Los originales más críticos, los que resultaban más difícil de reproducir, se han vuelto a escanear, la compaginación ha variado de acuerdo a la intencionalidad original de cómo quería el ilustrador narrar secuencialmente cada suceso, muchas veces no respetada en la maqueta de prensa, y todos los textos han vuelto a ser escritos, intentando que se aproximaran al espíritu del dibujo: duro y a la cabeza, concisión y expresión.

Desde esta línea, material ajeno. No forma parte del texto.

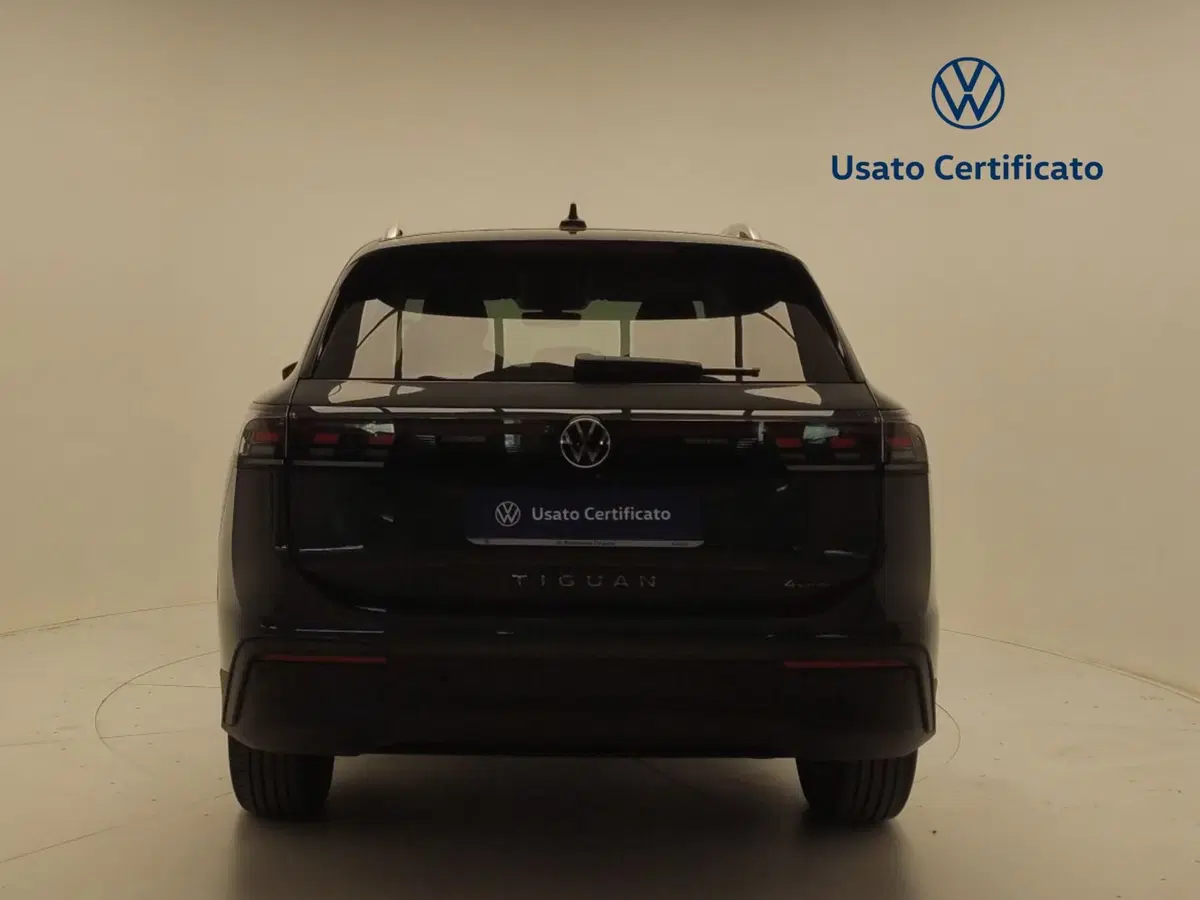 Volkswagen Tiguan usata a Avellino (6)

Ese retorno a Puerto Hurraco, que tan sabiamente ha bautizado David Benedicte, ha sido intenso e instructivo. Ha obligado a sustituir el montaje rápido con llave Allen del mueble de Ikea por la ebanistería, buscando fechas perdidas, datos desaparecidos o mal contados, e incluso se ha rescatado un crimen que en su día únicamente fue anunciado y finalmente no se publicó por las presiones de la familia del homicida; sin duda gente notable y de bien.

La Hemeroteca de la Biblioteca Pública de León y la familia, siempre atenta a apoyar la labor editorial y creativa, aunque en este caso vaya provista de un acento criminal, también han echado una mano. Si el resultado es satisfactorio, en este caso y como siempre, la culpa es de Martín. Enteramente de Miguel Ángel Martín.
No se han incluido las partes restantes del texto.